*** Opening MATERIAL TO PROCESS ***
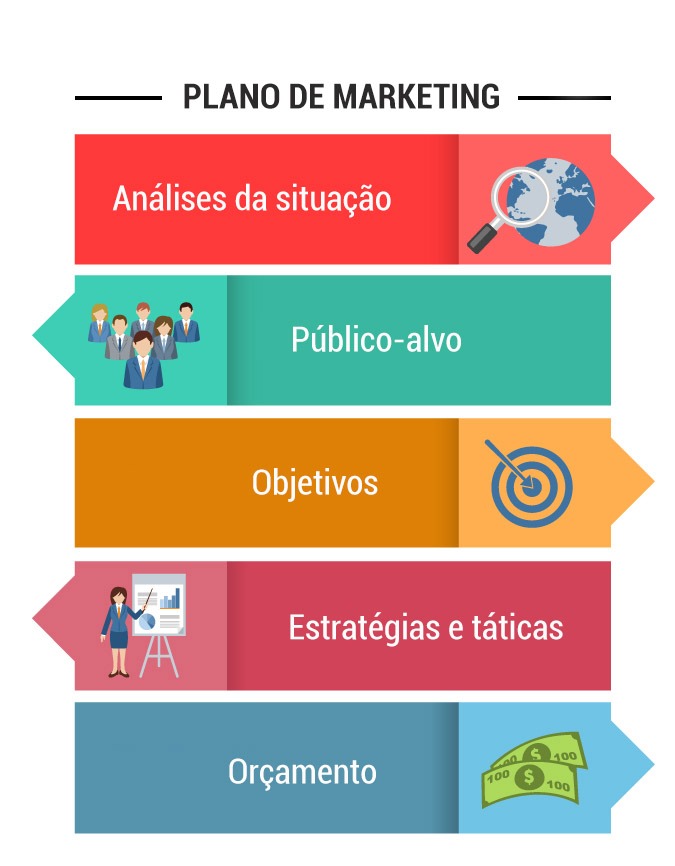 O que é um plano de Marketing Digital e como fazer?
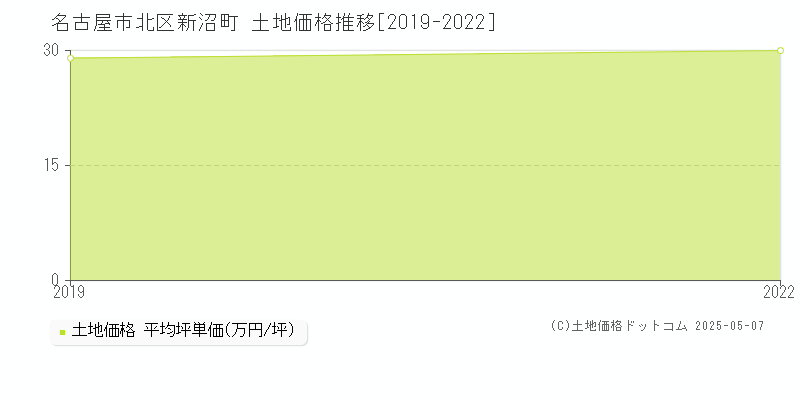新沼町(名古屋市北区)の土地価格推移グラフ(坪単価)[2019-2022年]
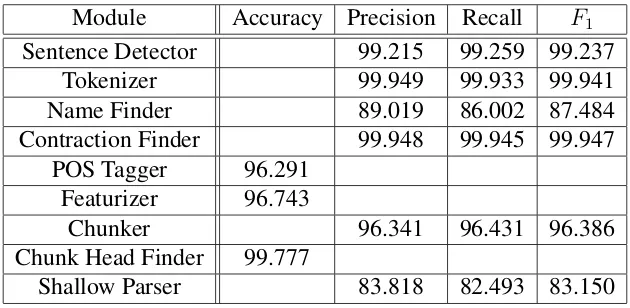 Table 3 shows how the changes in the low-level modules affected the grammarchecker effectiveness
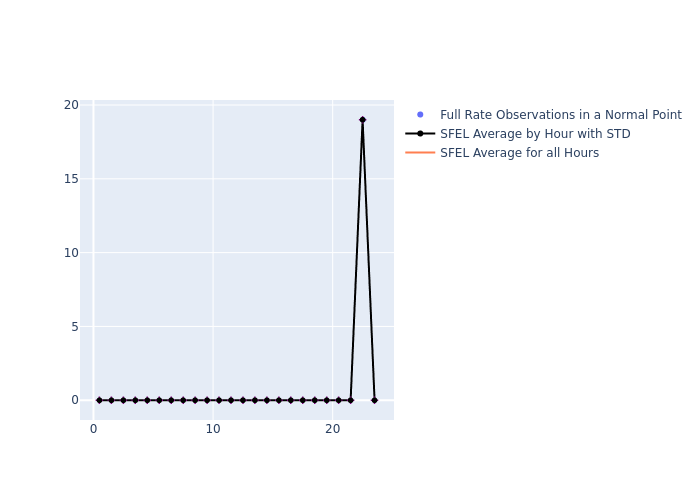 SFEL LAGEOS-2 as a function of LclT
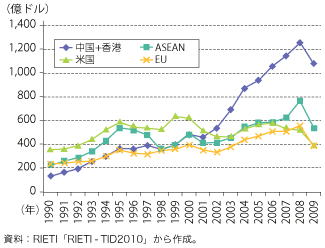 第2-1-2-6図　我が国からの中間財輸出額の推移（輸出先別）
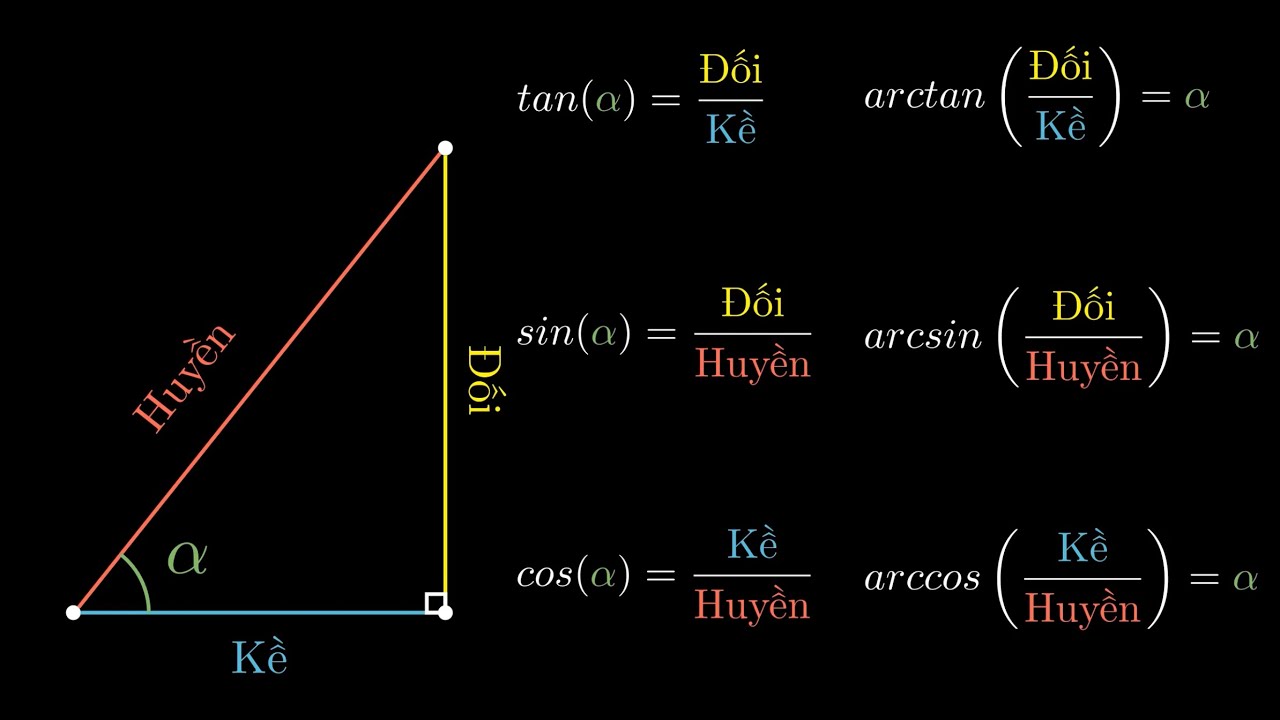 12 Sin Kh c G V i Arcsin Nh ng H m L ng Gi c T n T i Trong Tam Gi c 12-sin-kh-c-g-v-i-arcsin-nh-ng-h-m-l-ng-gi-c-t-n-t-i-trong-tam-gi-c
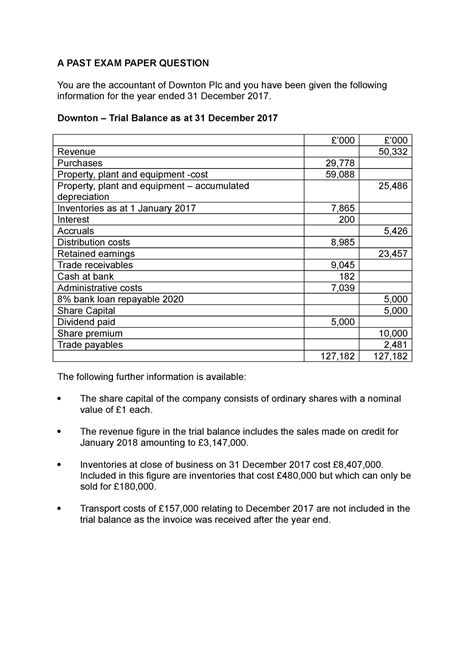 Downton Ias Past Exam Paper A Past Exam Paper Question You Are The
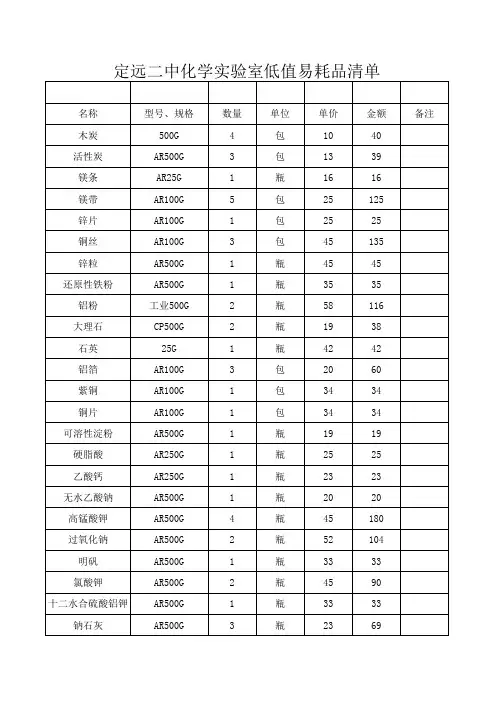 化学实验室台账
*** Closing MATERIAL TO PROCESS ***
WORK REQUEST: Every line of the listing must be reproduced exactly, though the pictures are to be left out.

TASK OUTPUT:
 O que é um plano de Marketing Digital e como fazer?
新沼町(名古屋市北区)の土地価格推移グラフ(坪単価)[2019-2022年]
 Table 3 shows how the changes in the low-level modules affected the grammarchecker effectiveness
 SFEL LAGEOS-2 as a function of LclT
 第2-1-2-6図　我が国からの中間財輸出額の推移（輸出先別）
 12 Sin Kh c G V i Arcsin Nh ng H m L ng Gi c T n T i Trong Tam Gi c 12-sin-kh-c-g-v-i-arcsin-nh-ng-h-m-l-ng-gi-c-t-n-t-i-trong-tam-gi-c
 Downton Ias Past Exam Paper A Past Exam Paper Question You Are The
 化学实验室台账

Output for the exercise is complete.